Her classmate who also made the trip says the heartache experienced by the victims was more than she could emotionally handle at times.
"I cried more that week than ever in my life," adds Strawn, a member of the Parkway schools golf team. Feeling like their job was not yet complete upon returning home with a dozen or so other Ohioans, the duo decided to embark on a mission of their own. They couldn't forget the faces of those they met during their trip, the families with no homes and nowhere to turn.
"We started writing ideas down on paper," says Gardner, whose parents, John and Kim Gardner, also made the trip after hearing about the project through friends.
The teenagers decided to start a club, unlike the typical school clubs, and soon Make A Difference was born. An informational meeting on the newly-formed club is slated for Wednesday.
The Parkway duo hopes to collect enough money and goods in the next few weeks to bring some Christmas cheer to the needy victims down south. The money and items gathered will be distributed by First Life Christian Church in Orange Beach, Ala., which is operating a distribution tent in a Waveland, Miss., shopping mall.
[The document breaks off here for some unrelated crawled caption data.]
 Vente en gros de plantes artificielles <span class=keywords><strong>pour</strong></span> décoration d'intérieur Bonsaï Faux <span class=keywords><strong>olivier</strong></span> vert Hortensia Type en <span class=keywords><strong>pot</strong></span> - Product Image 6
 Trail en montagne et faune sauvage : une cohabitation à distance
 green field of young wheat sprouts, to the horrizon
"Government officials (in Mississippi) said people are getting things they need much quicker through the churches than any other way," Gardner says, adding there is less red tape involved.
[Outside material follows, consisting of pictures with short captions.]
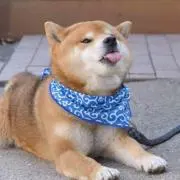 かやなんの画像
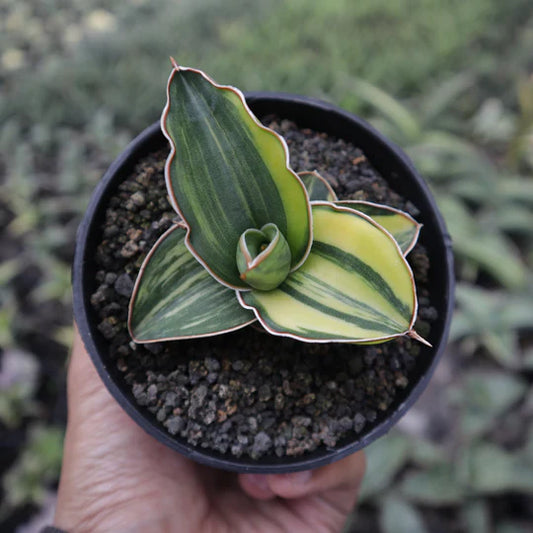 Sansevieria Samurai dwarf Variegated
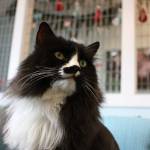 One of the cats available for adoption at The Whole Cat and Kaboodle enjoys a morning in the cafe. Aaron Kunkler/Redmond Reporter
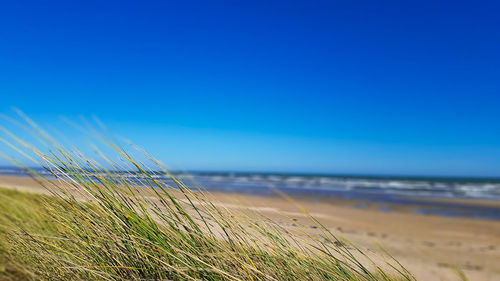 Scenic view of sea against clear blue sky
About 5,000 families have signed up with the church to receive aid as it's available, Gardner says.
The recent trip the girls were part of was partially sponsored by the Wayne Street United Methodist Church in St. Marys and included people of various religious denominations and backgrounds. Each member held the same goal: to make a difference somewhere, somehow.
The Rockford teens put their make-up and school clothes aside for the week in place of bandanas, T-shirts and sweats. "I think we wore the same clothes all week," Gardner says with a laugh.
The teens joined the group each day for a variety of jobs including the gathering of fallen branches. Long pants were mandatory in the hot and humid climate to avoid scratched legs while hauling tree branches into huge piles, Strawn says.
Dogs freely roamed the streets where damaged belongings were piled for disposal. The stench from rotting sewage and mold kept masks on the girls faces in many areas, they say.
Recalling one acquaintance, 87-year-old "Mr. Sanders," immediately brings tears to the girls' eyes.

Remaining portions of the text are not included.